┌─ SOURCE MATERIAL

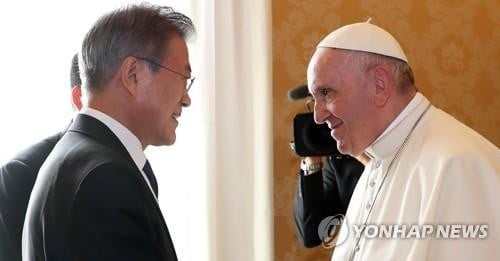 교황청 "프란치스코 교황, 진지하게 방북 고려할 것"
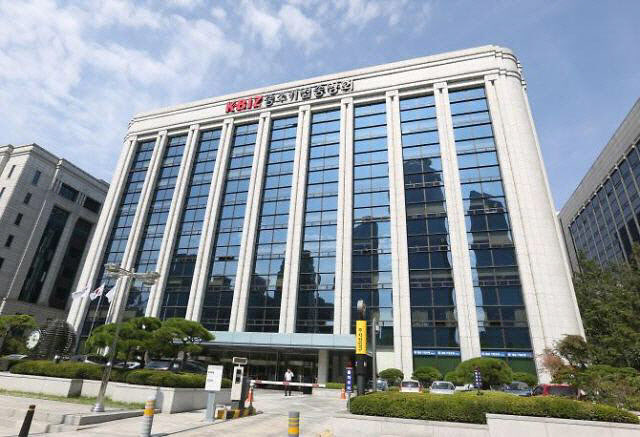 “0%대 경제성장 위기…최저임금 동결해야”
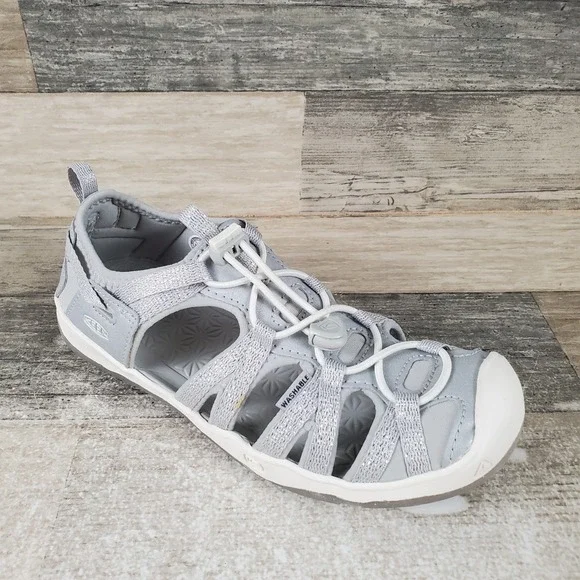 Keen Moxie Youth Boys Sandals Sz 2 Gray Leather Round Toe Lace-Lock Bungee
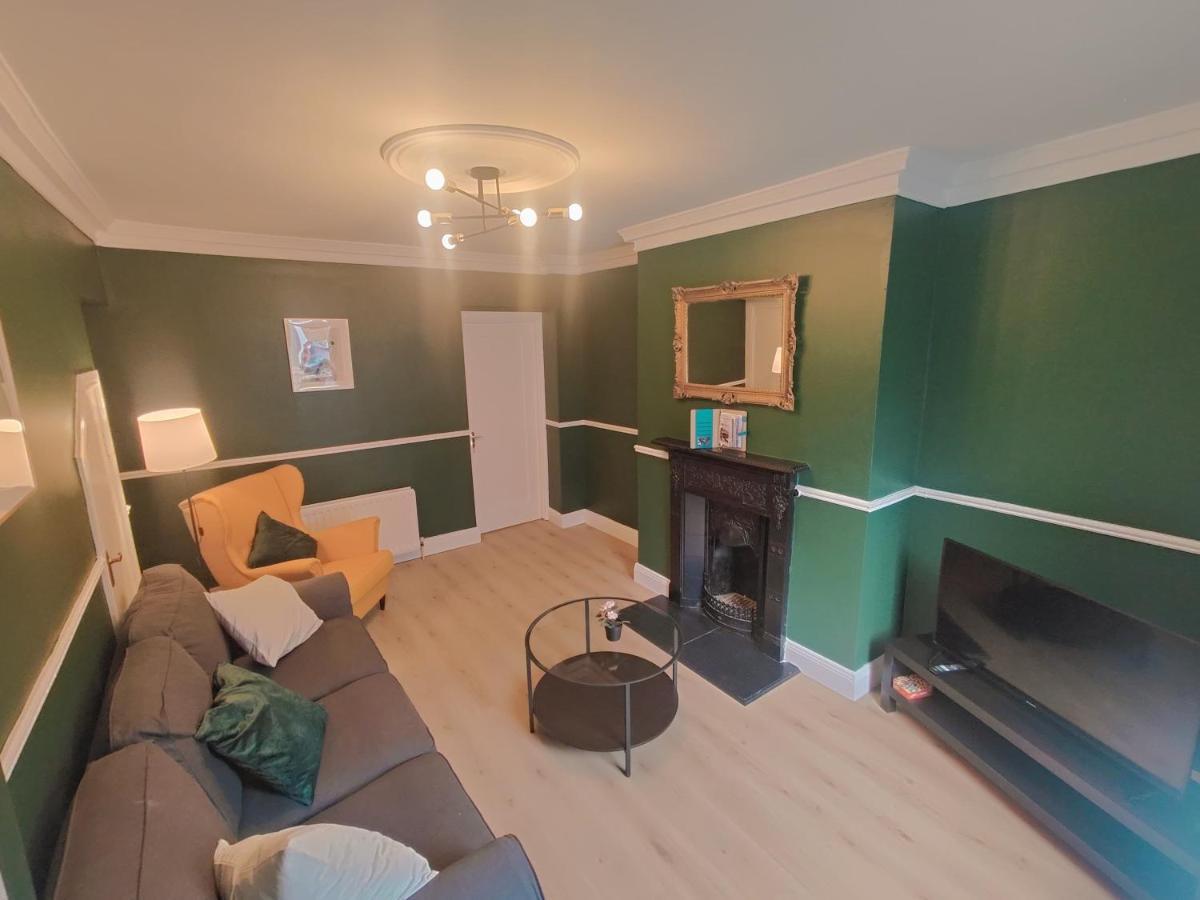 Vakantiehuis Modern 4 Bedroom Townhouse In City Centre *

└─
┌─ SOURCE MATERIAL

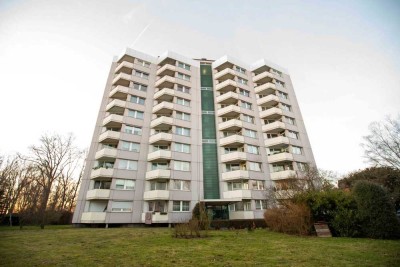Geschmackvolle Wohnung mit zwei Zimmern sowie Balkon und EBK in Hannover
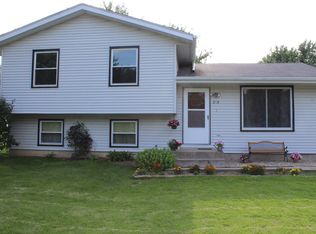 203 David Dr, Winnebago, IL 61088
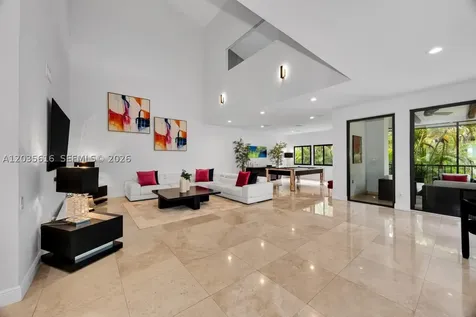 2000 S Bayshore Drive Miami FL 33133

└─

# EXERCISE DESCRIPTION:
Return word for word the lines of the listing above, starting at the line with "203 David Dr, Winnebago, IL 61088" and ending at the line with "2000 S Bayshore Drive Miami FL 33133", both included. Pictures do not belong in the copy.

# TASK RESULT:
 203 David Dr, Winnebago, IL 61088
 2000 S Bayshore Drive Miami FL 33133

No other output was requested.